Nebraska Wesleyan responded to my inquiry about pregame tailgating.
I explained that Wartburg fans and those from some other IIAC institutions enjoyed an occasional adult beverage during tailgating festivities.
They sent a polite but short response that we would be welcomed in college owned facilities for pregame gatherings, but booze of any sort was not permitted on campus.
Monmouth on week one followed by Nebraska Wesleyan in week two. They both appear to be party poopers. There could be some serious demand for tailgating debauchery when Knights finally return to the friendly confines of Walston-Hoover.
I wonder if this info had been known before the conference invite, if the vote would have still been unanimous
If I'm driving all the way to Nebraska, I should be allowed some alcohol as a reward. Not many people drive to Nebraska...willingly!!!
NWU has always been something of a party pooper when it comes to the consumption of "adult" beverages. This is largely due to its Methodist heritage.
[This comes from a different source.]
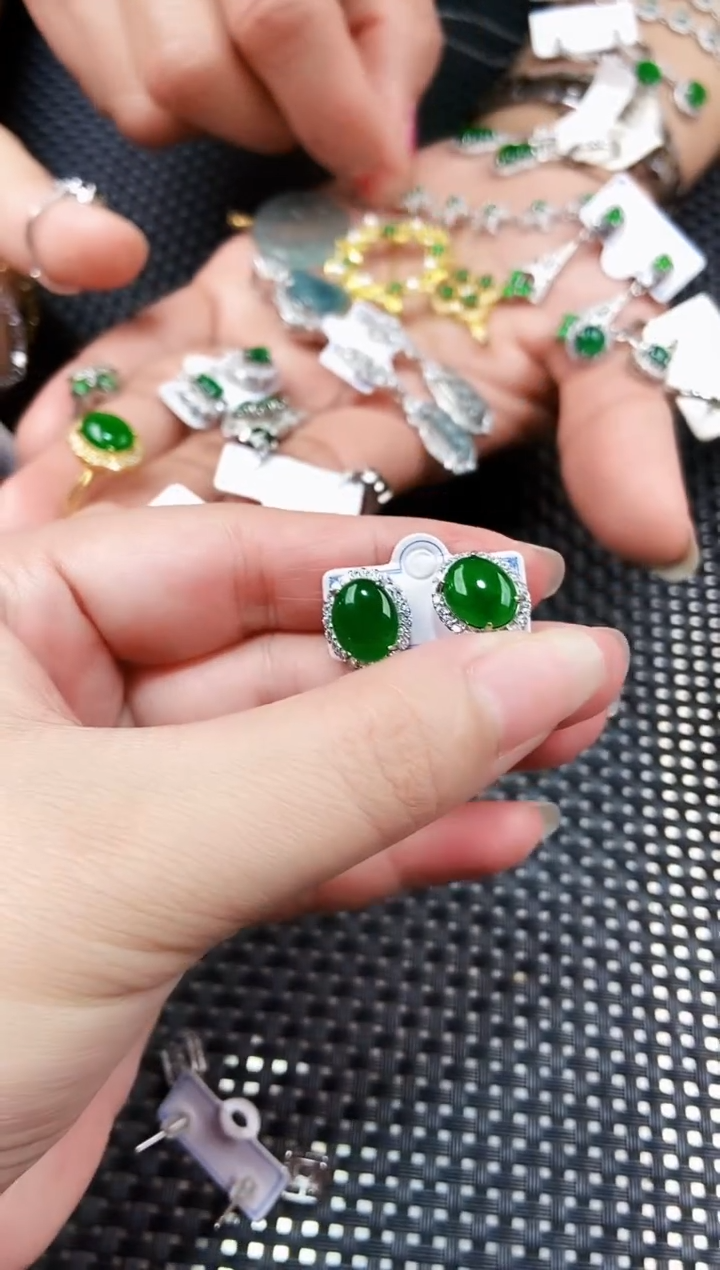 【闪购商品】翡翠耳饰未镶嵌111111111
Back in ancient times (the 70s) when I was a Plainsman (NOT Prairie Wolf) athlete, the Alcohol (and Drug) Policy Statement wasn't a mile long like it is now, and mainly just prohibited alcohol in University housing and by those not of legal age.
Tailgating was basically absent at FB games with local adults and partying at home, out of town visitors at their hotels, and students in fraternities (5 at the time) and sororities (4), despite being classified as "university" housing. The underage Greek system pledges would just go from the dorms to their houses to join in the partaking festivities. Many groups of kids would ban together to rent cheaper hotel rooms in which to enjoy the consumption of mass quantities prior to games. I'm sure the scene was much the same at many schools. At any rate, a large percentage of the NWU crowds at the usually well attended games, always arrived well primed and ready to enthusiastically voice their support.
One thing that always seemed odd was NWU's rather conservative stance on alcohol possession/consumption when the State of Nebraska was actually quite liberal during those times, lowering the drinking age to 20 in 1969, and then to 19 in 1972, before raising it back to 20 in 1980, and finally to 21 in 1985 in accordance with the national Drinking Age Act of 1984.